With the student debt he mentioned before, I don’t perceive him too much as a tool.
Me: You’re teasing me.
Chase: With the amount of crime shows you watch—I’m afraid to.
Me: *wiggles eyebrows*
Me: But that's it, though? Beer and a massage?
Chase: Wow, you’re a brat.
Chase: But no.
Chase: Have a good night with your mom, Sox.
Chase: Don’t think of me too much.
“You ready to get going?” Mama yells from down the hall, breaking me out of my sudden interest of Chase’s skill set.
“Yeah,” I call back as she shows up in my line of sight. I’d shoot a text back to Chase, calling him an asshole, but then I’d risk Mama’s wrath.
Hard pass.
Mama grabs her purse, and I reach behind her, wrapping my arms around her frail body. "What's this for?" She pats my hand softly that rests on her collarbone.
“Because we love you, Mama.”
Marty and I, we’d be lost without you.
“I love you too, hunny.” I don’t think she catches on to the plural in my sentence until we hit the front door. “Both of you.”
? Alone In A Room — Asking Alexandra ?
“Incoming, incoming,” Emmy’s voice urgently states when I answer the phone in my office.
It only means one of two things, both of them I don’t have the patience to see nor the time to deal with.
Hanging up, I wait for the door to either burst open or softly crack, alluding to which of the two pain in the asses will be gracing my office any second now.
It comes as no surprise, I haven't taken phone calls or text messages from either of my parents in over a month. And each one has become either more pissed off or "pity-party" with each statement they send to me—begging, pleading, and demanding for me to answer.
No one is going to demand me to do anything but what I’m already doing—which is me handling my career and life alone.

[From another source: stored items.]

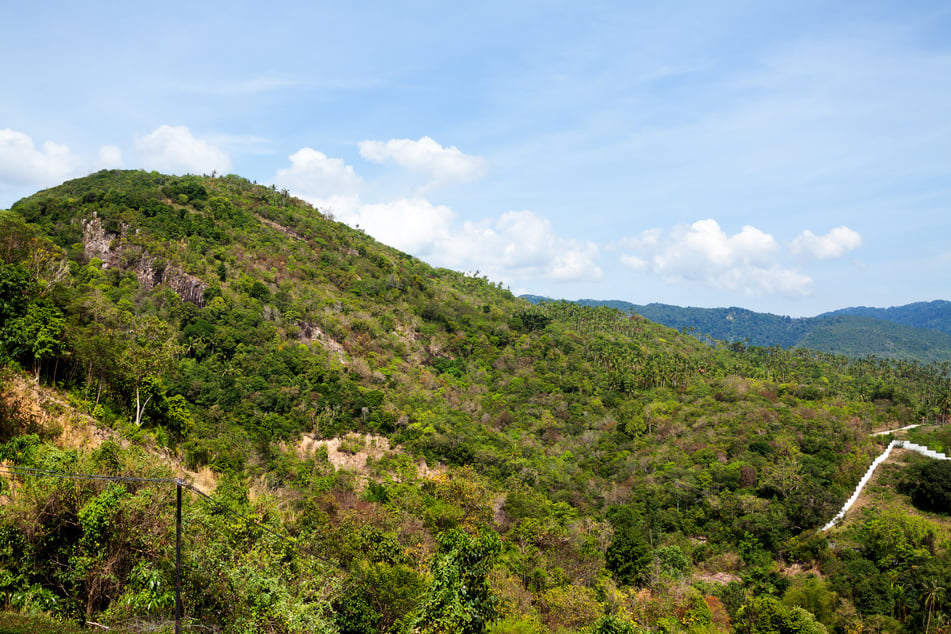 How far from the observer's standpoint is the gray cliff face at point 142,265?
50.7 m

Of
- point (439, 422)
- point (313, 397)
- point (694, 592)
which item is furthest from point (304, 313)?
point (694, 592)

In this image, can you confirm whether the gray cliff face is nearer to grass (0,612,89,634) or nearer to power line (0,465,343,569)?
power line (0,465,343,569)

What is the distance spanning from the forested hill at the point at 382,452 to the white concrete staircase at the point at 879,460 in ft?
2.64

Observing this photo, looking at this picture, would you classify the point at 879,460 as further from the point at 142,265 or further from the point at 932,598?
the point at 142,265

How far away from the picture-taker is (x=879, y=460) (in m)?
50.1

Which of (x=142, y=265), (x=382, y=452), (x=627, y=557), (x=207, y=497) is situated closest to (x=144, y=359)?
(x=207, y=497)

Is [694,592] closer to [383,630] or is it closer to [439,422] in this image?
[383,630]

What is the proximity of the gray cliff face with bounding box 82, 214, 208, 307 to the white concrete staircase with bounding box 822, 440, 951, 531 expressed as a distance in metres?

But this—it was bound to happen when I announced myself as a Democratic delegate for president over five months ago. After I did several nights of debates and openly spoke about the issues we’re facing as a country, broadcasted all over TV, my father wasted no time telling me what he believed I should’ve done differently. That I should’ve sugar-coated it more. My mother said I wore the wrong suit and tie.
You know, important shit.
However, neither mattered because I was leading in the polls without the help of either parent, but by my own words.
Ones I’ve practiced.
Words I’ve meant.
And promises that I plan on keeping. Even though reporters and bloggers continuously link me to my father and state that I’m “following in his footsteps.”
Which I’m trying not to do.
That path—don’t even want to look at it.